TO DO: The full listing, excluding its pictures, should be printed exactly as it stands.
Top of DATA SECTION
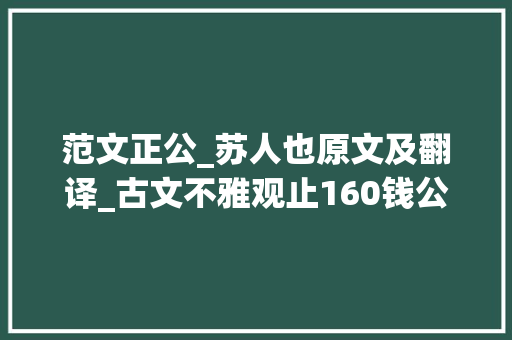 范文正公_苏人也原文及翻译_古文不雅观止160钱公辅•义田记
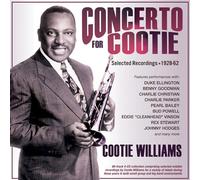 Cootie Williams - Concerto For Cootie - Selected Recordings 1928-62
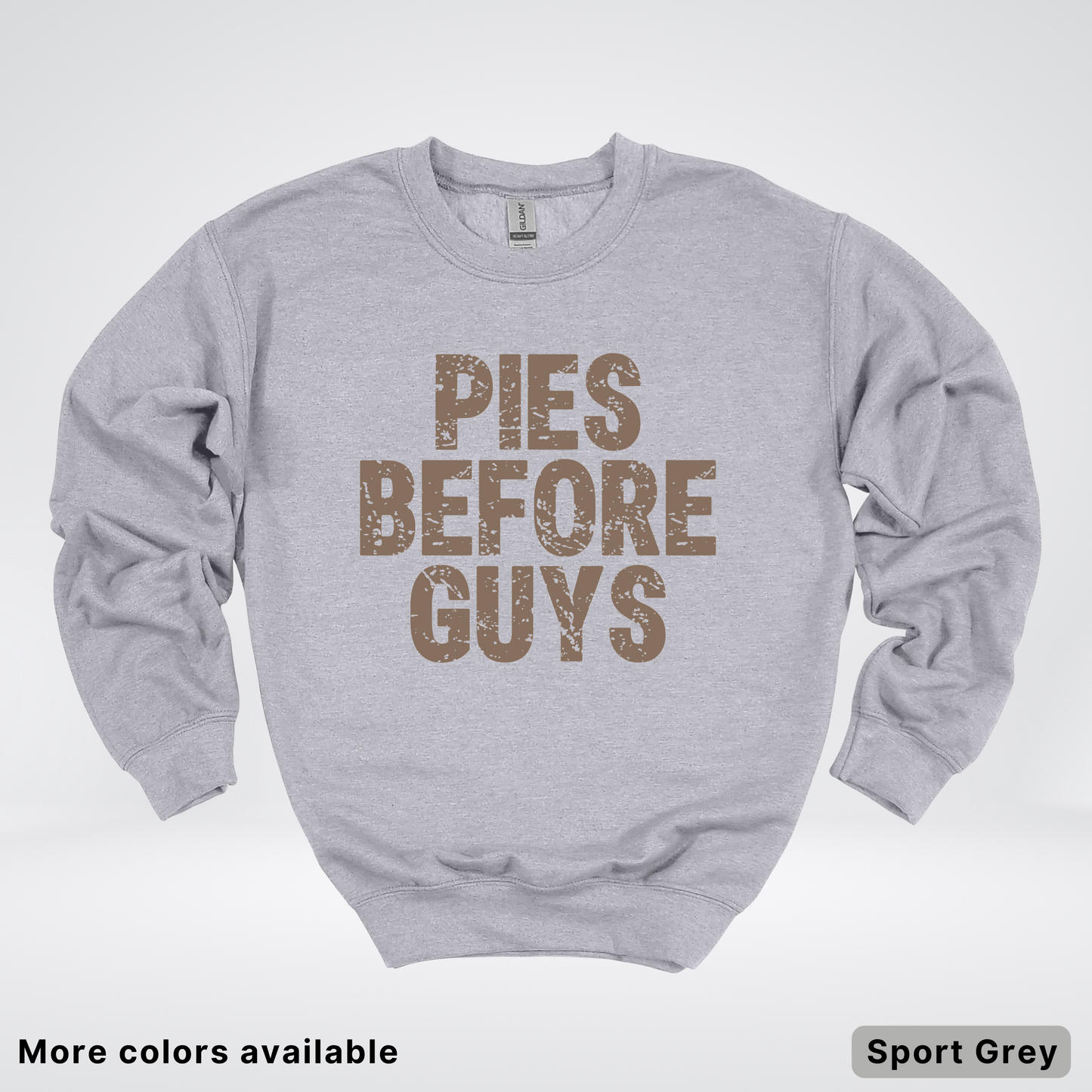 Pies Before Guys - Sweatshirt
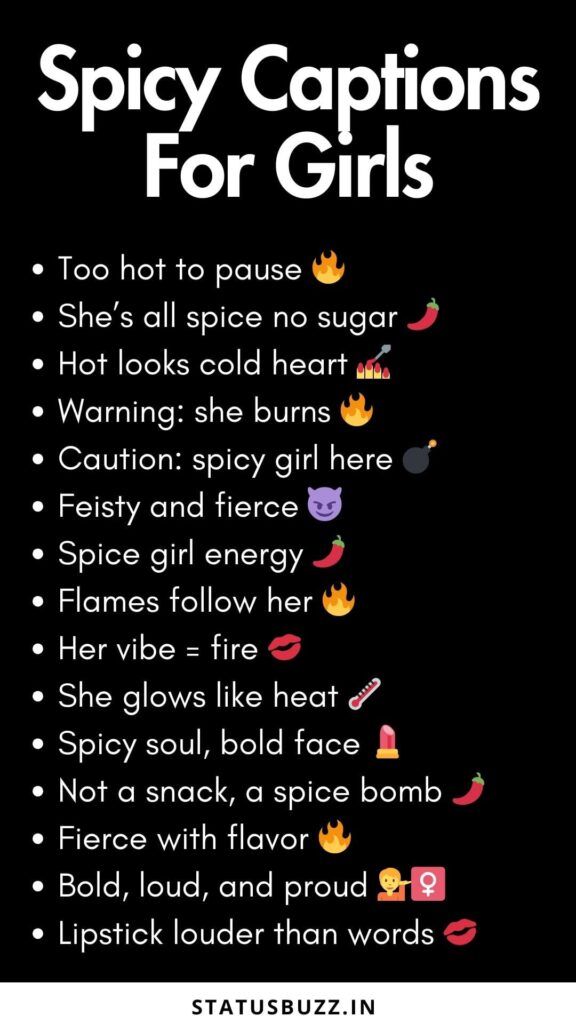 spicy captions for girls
Bottom of DATA SECTION
EXERCISE OUTPUT:
 范文正公_苏人也原文及翻译_古文不雅观止160钱公辅•义田记
 Cootie Williams - Concerto For Cootie - Selected Recordings 1928-62
 Pies Before Guys - Sweatshirt
 spicy captions for girls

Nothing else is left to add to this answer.